Why Do Dogs Eat Grass? (The Million Dollar Question Demystified)
You might have wondered what would possess your dog to eat something like grass. The reasons are not as simple as you might expect. Here are some of the most common yet surprising reasons you favorite pooch may be indulging in the green stuff.
Inadequate Nutrition Can Play a Big Role When It Comes To Grass Eating
The nutritional needs of a dog can vary a lot based on their activity level, breed, age, and other environmental factors. Just because that bag of fancy dog food you bought says it meets national dog food standards does not mean it is right for your dog.
A lack of fiber in the diet is sometimes the cause, but it can also be due to a lack of vitamins and minerals. A veterinarian can run a series of tests like that described by Dr. Patty Kuhly of Vetstreet.
It is important to remember that dogs are not just carnivores. Canines have always eaten some level of vegetable matter. In modern society, grass is the most common green matter available, so they eat it.

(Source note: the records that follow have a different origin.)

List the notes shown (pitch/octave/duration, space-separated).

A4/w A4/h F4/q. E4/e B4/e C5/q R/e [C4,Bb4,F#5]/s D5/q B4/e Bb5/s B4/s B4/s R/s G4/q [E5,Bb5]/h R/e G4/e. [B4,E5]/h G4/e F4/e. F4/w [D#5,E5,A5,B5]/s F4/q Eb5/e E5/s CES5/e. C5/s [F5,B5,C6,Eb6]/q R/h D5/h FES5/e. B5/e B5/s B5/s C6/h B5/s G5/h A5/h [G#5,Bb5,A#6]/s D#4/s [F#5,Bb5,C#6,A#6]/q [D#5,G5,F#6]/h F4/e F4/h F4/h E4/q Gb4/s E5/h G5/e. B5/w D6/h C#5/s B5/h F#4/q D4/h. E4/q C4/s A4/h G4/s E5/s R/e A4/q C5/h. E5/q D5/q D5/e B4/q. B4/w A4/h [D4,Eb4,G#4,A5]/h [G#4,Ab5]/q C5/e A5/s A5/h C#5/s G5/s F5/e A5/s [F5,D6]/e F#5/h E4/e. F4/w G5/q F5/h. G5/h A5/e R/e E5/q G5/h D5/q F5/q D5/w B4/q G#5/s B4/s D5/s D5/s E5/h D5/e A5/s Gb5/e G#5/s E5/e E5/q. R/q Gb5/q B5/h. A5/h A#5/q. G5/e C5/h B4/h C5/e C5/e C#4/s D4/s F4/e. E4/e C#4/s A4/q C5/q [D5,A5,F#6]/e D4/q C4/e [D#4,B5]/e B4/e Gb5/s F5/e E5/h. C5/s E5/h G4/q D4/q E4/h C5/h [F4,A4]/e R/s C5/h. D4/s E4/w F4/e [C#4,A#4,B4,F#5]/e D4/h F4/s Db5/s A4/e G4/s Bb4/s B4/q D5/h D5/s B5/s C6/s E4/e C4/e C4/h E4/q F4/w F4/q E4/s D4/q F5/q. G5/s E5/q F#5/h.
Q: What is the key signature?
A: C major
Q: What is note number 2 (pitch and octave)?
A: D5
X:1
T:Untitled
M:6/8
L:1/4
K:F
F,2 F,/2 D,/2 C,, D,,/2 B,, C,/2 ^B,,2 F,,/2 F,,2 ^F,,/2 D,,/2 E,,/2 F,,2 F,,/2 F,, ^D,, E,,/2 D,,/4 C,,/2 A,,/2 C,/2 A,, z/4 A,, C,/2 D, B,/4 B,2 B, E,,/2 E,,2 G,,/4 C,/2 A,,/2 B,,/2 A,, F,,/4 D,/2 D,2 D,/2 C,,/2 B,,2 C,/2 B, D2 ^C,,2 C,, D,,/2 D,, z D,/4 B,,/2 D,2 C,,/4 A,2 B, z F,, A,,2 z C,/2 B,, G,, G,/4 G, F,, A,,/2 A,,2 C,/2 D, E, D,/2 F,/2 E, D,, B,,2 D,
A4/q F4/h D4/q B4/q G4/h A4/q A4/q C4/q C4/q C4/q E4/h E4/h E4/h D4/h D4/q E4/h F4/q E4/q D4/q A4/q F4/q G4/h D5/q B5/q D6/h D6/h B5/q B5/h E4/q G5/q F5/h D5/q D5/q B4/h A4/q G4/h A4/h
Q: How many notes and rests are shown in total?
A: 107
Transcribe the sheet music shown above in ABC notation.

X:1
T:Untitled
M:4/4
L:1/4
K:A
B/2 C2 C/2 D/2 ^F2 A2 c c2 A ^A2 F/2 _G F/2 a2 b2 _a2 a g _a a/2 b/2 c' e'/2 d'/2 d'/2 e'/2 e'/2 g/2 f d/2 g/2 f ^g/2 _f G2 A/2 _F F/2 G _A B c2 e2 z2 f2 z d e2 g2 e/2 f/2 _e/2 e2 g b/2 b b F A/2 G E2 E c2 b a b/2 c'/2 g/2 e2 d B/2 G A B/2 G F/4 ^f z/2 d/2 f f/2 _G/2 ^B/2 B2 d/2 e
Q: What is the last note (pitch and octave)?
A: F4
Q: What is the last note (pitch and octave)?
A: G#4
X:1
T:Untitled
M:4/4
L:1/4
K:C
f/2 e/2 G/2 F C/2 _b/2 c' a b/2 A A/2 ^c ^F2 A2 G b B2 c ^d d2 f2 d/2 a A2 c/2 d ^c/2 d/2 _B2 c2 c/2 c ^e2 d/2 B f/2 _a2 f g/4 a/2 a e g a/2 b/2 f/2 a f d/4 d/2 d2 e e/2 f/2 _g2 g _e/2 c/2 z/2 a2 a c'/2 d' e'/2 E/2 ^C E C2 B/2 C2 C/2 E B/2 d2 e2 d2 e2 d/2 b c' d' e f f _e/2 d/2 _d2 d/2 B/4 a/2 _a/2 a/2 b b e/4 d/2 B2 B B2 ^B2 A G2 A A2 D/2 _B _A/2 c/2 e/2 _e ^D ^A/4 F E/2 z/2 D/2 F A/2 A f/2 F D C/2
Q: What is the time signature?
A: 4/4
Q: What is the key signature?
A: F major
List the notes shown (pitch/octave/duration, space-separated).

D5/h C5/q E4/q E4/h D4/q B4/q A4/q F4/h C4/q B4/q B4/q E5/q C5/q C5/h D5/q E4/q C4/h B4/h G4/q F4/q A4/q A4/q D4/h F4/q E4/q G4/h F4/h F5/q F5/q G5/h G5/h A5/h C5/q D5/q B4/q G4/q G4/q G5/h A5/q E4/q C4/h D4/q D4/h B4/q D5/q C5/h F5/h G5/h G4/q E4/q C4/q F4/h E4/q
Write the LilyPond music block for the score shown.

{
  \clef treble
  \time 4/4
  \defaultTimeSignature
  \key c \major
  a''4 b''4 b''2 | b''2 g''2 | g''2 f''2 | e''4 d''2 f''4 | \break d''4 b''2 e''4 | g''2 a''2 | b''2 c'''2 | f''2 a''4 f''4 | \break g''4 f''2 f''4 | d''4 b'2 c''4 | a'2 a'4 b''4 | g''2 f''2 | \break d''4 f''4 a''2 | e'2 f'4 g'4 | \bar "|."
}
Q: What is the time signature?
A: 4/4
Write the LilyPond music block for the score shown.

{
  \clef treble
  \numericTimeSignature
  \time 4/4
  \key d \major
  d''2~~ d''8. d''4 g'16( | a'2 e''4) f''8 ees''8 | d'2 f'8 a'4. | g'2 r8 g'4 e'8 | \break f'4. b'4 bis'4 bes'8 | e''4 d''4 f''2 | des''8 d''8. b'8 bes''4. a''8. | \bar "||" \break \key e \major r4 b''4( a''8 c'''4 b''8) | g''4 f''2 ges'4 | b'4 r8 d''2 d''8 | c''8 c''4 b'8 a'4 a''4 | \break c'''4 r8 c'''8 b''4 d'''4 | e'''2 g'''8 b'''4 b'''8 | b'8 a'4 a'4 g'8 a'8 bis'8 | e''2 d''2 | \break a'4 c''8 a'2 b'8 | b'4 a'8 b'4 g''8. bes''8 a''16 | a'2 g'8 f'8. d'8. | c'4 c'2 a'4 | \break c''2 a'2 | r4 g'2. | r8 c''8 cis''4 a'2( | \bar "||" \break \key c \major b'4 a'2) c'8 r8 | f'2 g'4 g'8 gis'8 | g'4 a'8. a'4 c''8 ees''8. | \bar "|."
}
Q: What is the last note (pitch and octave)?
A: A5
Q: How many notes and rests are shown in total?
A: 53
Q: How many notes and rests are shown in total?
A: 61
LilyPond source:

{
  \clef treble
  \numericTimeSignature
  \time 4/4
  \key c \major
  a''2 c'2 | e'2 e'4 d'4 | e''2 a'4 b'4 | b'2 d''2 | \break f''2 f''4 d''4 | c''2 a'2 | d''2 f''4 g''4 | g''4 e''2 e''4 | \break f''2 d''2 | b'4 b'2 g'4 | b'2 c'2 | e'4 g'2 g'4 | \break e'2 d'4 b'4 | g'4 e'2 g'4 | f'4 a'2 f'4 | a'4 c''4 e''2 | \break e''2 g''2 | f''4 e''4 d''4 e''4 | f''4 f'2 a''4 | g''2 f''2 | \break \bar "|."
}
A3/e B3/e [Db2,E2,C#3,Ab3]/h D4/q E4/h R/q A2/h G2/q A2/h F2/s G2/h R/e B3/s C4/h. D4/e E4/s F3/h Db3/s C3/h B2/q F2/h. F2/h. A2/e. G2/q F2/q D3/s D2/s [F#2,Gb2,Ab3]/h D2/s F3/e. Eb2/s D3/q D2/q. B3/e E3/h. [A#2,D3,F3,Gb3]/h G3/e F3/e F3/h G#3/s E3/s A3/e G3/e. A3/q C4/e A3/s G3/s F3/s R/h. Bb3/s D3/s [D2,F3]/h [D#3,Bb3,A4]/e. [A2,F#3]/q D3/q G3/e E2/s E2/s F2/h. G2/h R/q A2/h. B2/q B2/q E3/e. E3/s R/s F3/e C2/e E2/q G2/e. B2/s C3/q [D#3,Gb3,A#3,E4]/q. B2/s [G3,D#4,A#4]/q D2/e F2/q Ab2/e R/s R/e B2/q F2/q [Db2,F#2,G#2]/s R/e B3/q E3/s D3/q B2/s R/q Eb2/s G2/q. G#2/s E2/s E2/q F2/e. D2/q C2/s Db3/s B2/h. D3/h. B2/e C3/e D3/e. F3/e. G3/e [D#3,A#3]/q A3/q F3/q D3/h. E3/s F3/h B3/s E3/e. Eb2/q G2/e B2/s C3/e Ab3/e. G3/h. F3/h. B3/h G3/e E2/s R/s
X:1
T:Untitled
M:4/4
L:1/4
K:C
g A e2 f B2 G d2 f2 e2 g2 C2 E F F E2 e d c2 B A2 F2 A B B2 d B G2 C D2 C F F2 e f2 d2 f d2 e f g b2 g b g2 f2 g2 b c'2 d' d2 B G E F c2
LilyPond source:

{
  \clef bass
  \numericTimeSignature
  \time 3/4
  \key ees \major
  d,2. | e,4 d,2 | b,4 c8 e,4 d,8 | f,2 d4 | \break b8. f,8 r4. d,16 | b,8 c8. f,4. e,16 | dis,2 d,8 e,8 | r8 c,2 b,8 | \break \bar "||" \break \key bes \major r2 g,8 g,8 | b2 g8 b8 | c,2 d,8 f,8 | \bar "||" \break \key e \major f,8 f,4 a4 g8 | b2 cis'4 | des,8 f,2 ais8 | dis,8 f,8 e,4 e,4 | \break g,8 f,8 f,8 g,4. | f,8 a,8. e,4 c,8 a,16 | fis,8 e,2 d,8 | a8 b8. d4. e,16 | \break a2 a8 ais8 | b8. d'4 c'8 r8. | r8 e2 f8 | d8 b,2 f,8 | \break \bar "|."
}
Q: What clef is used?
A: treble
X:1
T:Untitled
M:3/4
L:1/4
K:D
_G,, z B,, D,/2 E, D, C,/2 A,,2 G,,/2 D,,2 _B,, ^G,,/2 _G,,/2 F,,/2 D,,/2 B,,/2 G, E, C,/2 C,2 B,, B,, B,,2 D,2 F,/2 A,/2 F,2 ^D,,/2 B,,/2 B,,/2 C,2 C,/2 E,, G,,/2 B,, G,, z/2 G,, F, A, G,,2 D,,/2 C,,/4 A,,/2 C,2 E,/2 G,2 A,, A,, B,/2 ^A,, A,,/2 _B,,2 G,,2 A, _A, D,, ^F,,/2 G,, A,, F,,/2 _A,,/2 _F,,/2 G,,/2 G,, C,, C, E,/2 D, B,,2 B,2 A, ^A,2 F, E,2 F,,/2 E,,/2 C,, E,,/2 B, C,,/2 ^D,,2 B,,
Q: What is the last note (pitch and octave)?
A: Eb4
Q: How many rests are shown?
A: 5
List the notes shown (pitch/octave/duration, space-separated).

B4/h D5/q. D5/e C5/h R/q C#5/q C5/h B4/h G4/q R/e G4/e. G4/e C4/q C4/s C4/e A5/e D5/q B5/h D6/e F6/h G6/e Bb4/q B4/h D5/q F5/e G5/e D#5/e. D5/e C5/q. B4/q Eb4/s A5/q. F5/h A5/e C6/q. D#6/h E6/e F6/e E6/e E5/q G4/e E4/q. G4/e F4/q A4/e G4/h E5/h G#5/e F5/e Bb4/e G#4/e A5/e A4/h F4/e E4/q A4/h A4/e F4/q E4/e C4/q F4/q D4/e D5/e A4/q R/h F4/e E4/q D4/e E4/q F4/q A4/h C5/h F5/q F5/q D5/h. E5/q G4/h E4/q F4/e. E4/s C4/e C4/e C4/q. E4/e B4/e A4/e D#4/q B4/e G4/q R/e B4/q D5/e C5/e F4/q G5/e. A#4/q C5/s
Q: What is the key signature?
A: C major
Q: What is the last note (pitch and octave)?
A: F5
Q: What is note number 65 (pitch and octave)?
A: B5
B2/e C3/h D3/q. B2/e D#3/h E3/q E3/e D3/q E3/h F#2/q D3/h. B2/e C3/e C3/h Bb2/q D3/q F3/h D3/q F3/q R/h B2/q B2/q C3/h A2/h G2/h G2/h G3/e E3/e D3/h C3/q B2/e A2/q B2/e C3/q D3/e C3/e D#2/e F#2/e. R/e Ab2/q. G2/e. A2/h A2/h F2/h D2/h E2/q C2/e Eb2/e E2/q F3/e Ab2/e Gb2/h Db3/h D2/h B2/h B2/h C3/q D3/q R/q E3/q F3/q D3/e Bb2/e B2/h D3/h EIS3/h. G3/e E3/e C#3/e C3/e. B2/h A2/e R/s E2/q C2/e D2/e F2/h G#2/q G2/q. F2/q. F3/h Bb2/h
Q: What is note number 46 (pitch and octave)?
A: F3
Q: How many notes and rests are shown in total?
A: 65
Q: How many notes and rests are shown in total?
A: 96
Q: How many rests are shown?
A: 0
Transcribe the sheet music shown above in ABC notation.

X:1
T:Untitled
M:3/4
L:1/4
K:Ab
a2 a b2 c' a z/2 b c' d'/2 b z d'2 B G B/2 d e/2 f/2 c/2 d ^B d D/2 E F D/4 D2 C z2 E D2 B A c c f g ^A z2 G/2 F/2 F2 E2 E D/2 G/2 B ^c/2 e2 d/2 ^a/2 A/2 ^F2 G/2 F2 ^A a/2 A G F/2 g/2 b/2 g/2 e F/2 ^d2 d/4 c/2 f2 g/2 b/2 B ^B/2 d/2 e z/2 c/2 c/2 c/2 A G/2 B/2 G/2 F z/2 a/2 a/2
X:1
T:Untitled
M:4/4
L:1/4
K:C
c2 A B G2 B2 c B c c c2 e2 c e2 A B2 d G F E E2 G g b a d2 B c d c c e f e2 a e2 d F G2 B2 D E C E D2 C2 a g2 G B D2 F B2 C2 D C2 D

Dogs will pick out fruit and berries in nature. If you go berry picking, don't be surprised when your dog eats berries that are within reach.
There are increasing numbers of pet owners who are choosing to cook and blend their own pet foods. While it is a noble cause to want to provide a good diet for you dog, it is important to make sure that what you are feeding them is actually nutritionally complete.
Boredom and Loneliness Can Lead To Obsessive Behaviors
People and dogs can do some pretty silly things when they are bored. Providing fun activities and spending time with your canine companion can curb some of their appetite for grass.
Puppies and energetic breeds of dogs are particularly prone to grass eating behavior. Over time, you may notice that your dog stops grazing as much as they did after they get a bit older.
If you have to leave your dog by themselves very often, they may be experiencing separation anxiety or loneliness. This type of doggy depression is one reason so many people have two dogs.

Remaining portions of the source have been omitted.